Most bootstrapped SaaS products take 3-6 months to reach 100 users. This varies based on your niche, pricing, and how much time you spend on acquisition versus building. Products solving a clear, urgent problem with a free tier tend to get there faster.

Should I charge money from user 1?#

It depends on your model. If you are building a freemium product, offer a free tier to reduce friction during the first 100. If you are building a premium tool, charge from day one -- it validates that people will actually pay, not just sign up. Even $1 from a paying user is more valuable signal than 100 free signups.

What is the best channel for getting first SaaS users?#

Direct outreach and launch platforms for the first 20-30 users. Reddit and communities for users 30-60. Content and referrals for 60-100. There is no single best channel. The founders who succeed layer multiple channels across a multi-week sequence.

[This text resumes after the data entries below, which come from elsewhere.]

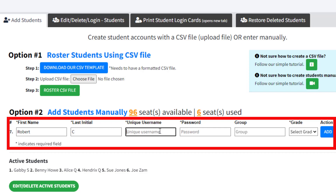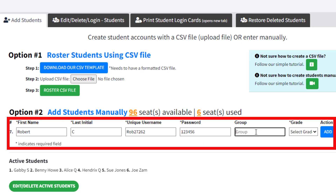Once a student account is created, the student can visit vocabclass.com, select the Login tab, click Student, and enter their assigned username and password.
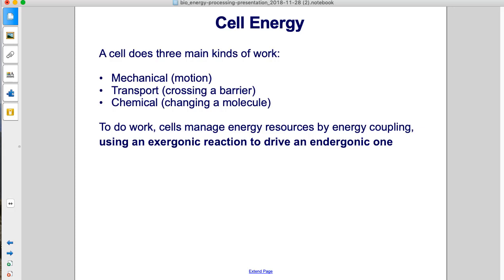Cell energy. A cell does three main kinds of work: mechanical, or motion; transport, or crossing a barrier; and chemical, changing a molecule.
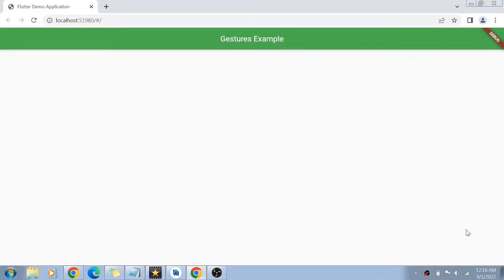Hey guys, welcome back to my channel. Today we have a Flutter application open on screen, and we are going to learn about how to create or basically react to gestures in Flutter.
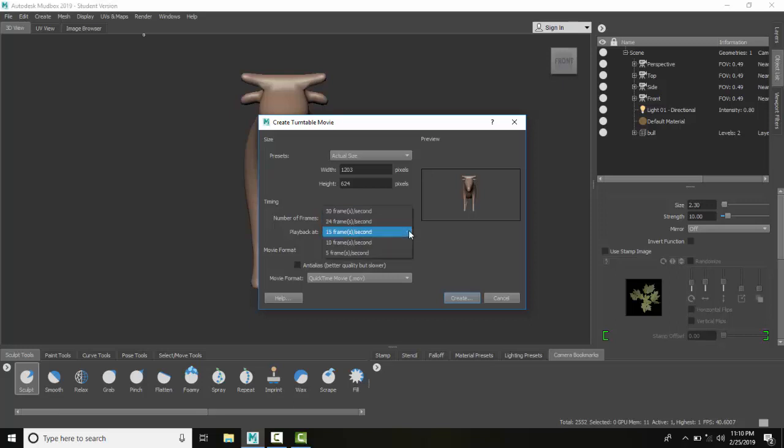15 frames per second is pretty standard, so we can leave that. We can set the anti-aliasing. This helps clean up the angle lines and gives us better quality. We run slower. I don't always see the need for this.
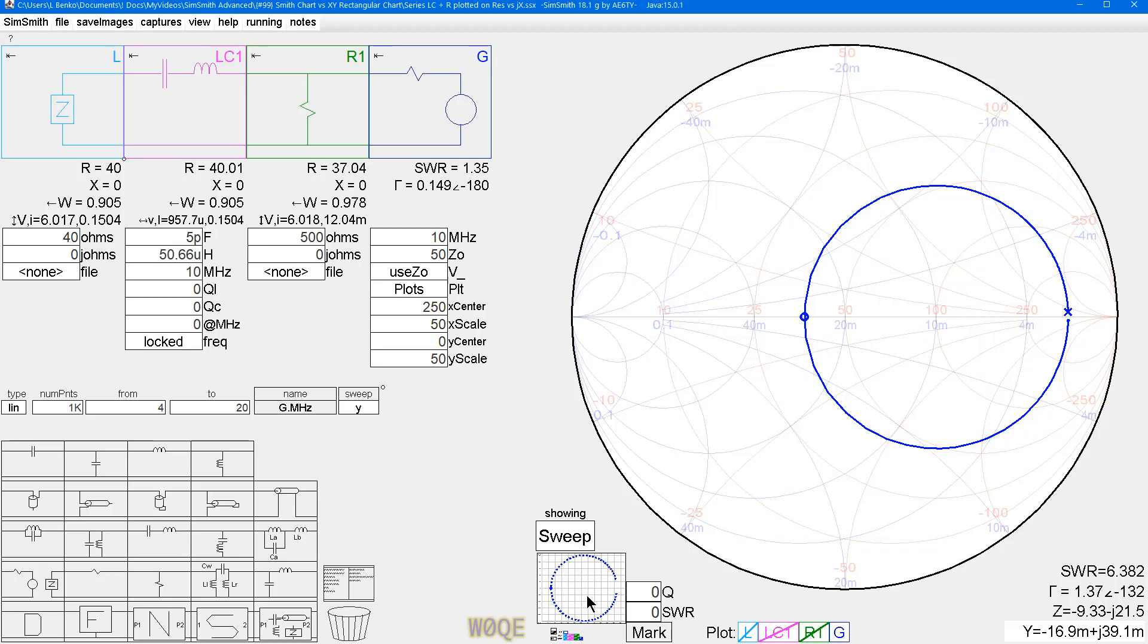So it appears to be that any circle on a Smith chart will plot as a circle on a linear XY impedance plot. I find that to be absolutely amazing. It was kind of humbling. But nevertheless, it's a good day when you learn something new that you didn't know that you didn't even know.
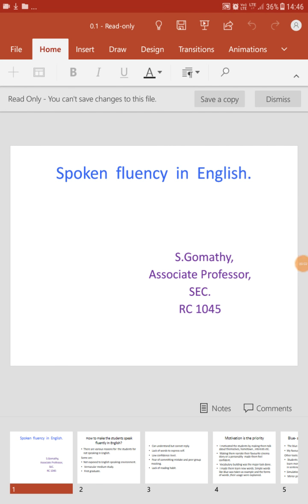Good morning students. Today let us discuss the topic: how to develop English communicative skills. Many of you are lacking fluency in English. There are so many reasons for that — let us discuss the factors.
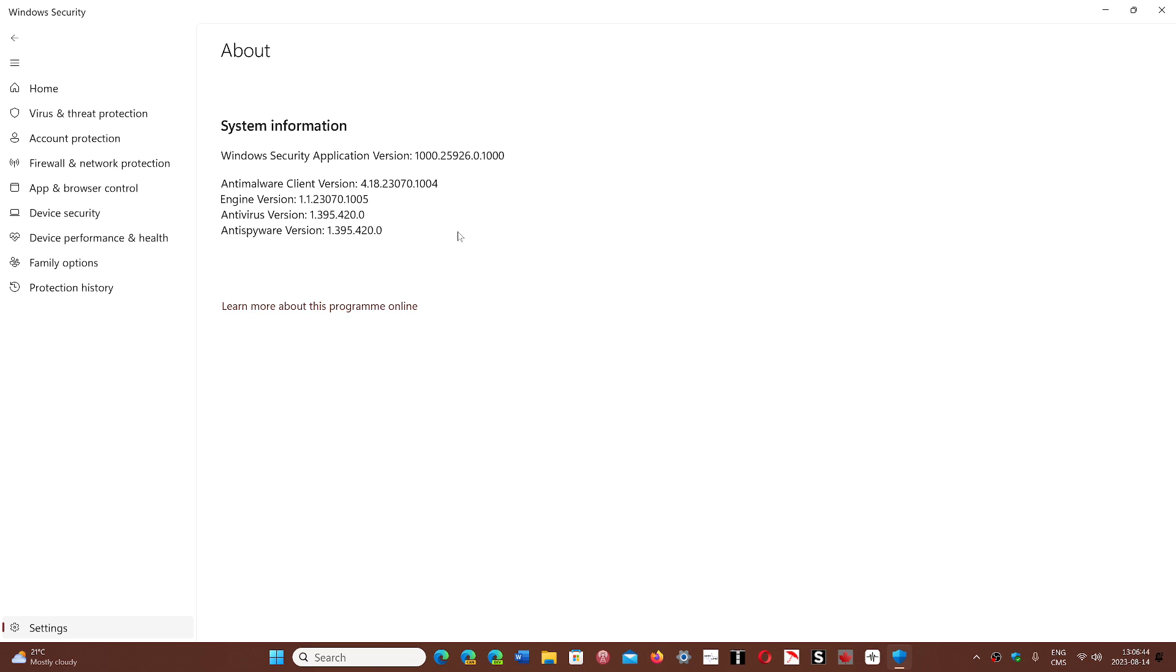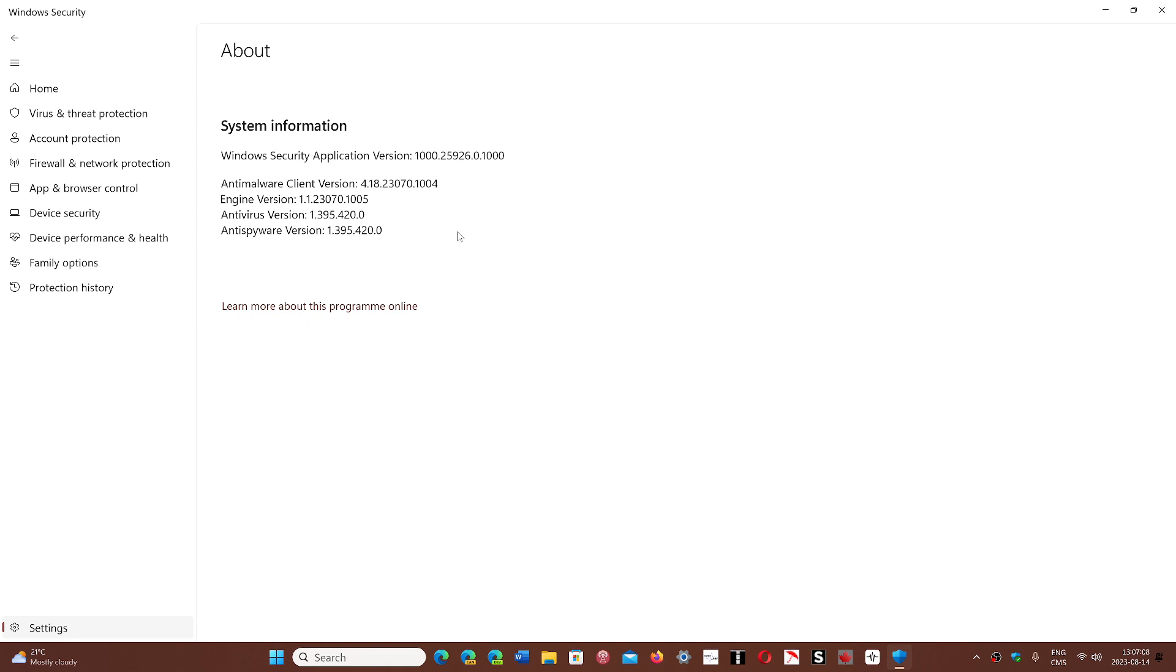One of the things also that has changed in the new updates, starting with version 1.395.318, is that now the Auto KMS, or the Key Management Service patching software, is blocked automatically by this new version of Windows Security.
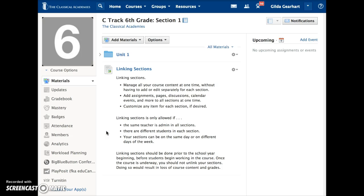Linking sections is only allowed if the same teacher is admin in all sections and if there are different students in each section. Your sections can be on the same day of the week or on different days of the week.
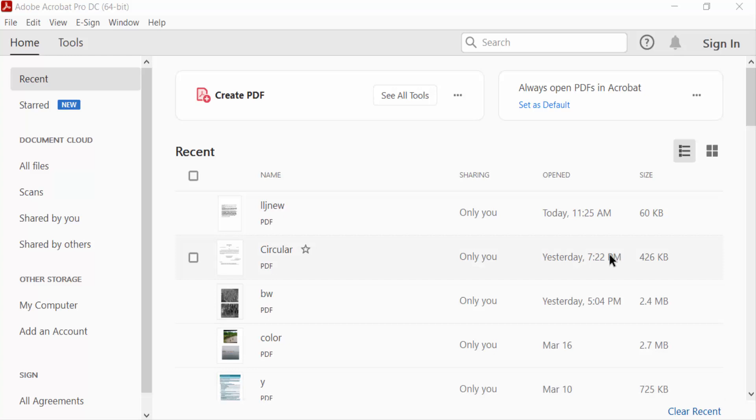Hello everyone, Assalamualaikum. In this PDF tutorial today, I'll present you how to add border around text box in PDF using Adobe Acrobat Pro DC. So let's get started.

Do I need a marketing budget to get my first 100 users?#

No. Every channel in this playbook is free or close to it. Direct outreach, Reddit, Indie Hackers, RankInPublic tournaments, directory submissions, and building in public all cost nothing except your time. Save your budget for after you have validated your messaging and know which channels convert. For a comprehensive list of free channels, see our guide on the best places to promote your SaaS for free.

Should I launch on Product Hunt to get my first users?#

Product Hunt works best after you already have some traction -- a polished landing page, early testimonials, and people ready to engage on launch day. Use it as part of a broader strategy, not as your first move. See our Product Hunt alternatives for platforms that work better for early-stage products.